Retenir François Pinault

Finalement, le montant total de la facture pour la Mairie de Paris est de 86 millions d’euros : 65 millions pour le rachat du monument en lui-même auxquels s’ajoutent 23 millions d’indemnisation de la Chambre de Commerce et d’Industrie. Or, comme le pointe Le Canard Enchaîné, le montant des investissements réalisés dans le bâtiment depuis 1949 auraient été évalués par un audit de la préfecture d’Île-de-France à 4.3 millions d’euros. Le montant de la transaction serait donc bien trop élevé, selon le Canard. Là aussi, la Mairie de Paris se défend : « Les 23 millions constituent une indemnité de reconstitution de service public, pas une indemnisation des investissements. Cela n’a rien d’inédit. »
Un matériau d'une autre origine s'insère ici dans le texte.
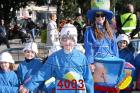 4003.jpg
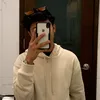 jayyyemmm_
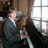 BalletMuzik's profile image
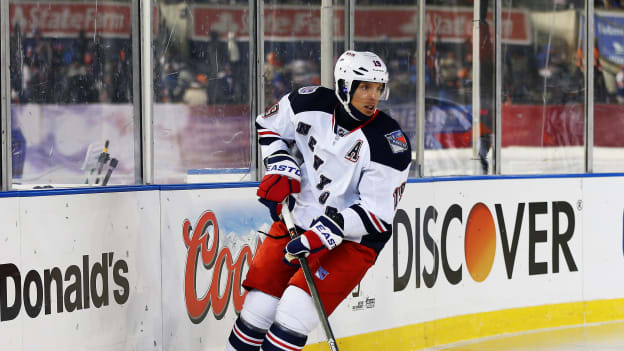 GettyImages-485598751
Techniquement, les 65 millions d’euros payés correspondent à la valeur sur le marché du superbe bâtiment du XVIIIe siècle, mais l’indemnité de restitution a sûrement été chèrement négociée par la CCI. Anne Hidalgo aurait pu la revoir à la baisse, mais celle-ci était plutôt soucieuse de ne pas à nouveau décourager François Pinault par des négociations traînant dans le temps, comme il le fut avec l’île Seguin, en 2005. Il fallait donc que le richissime homme d’affaires puisse exposer quelque part dans Paris ses œuvres d’art contemporain… coûte que coûte.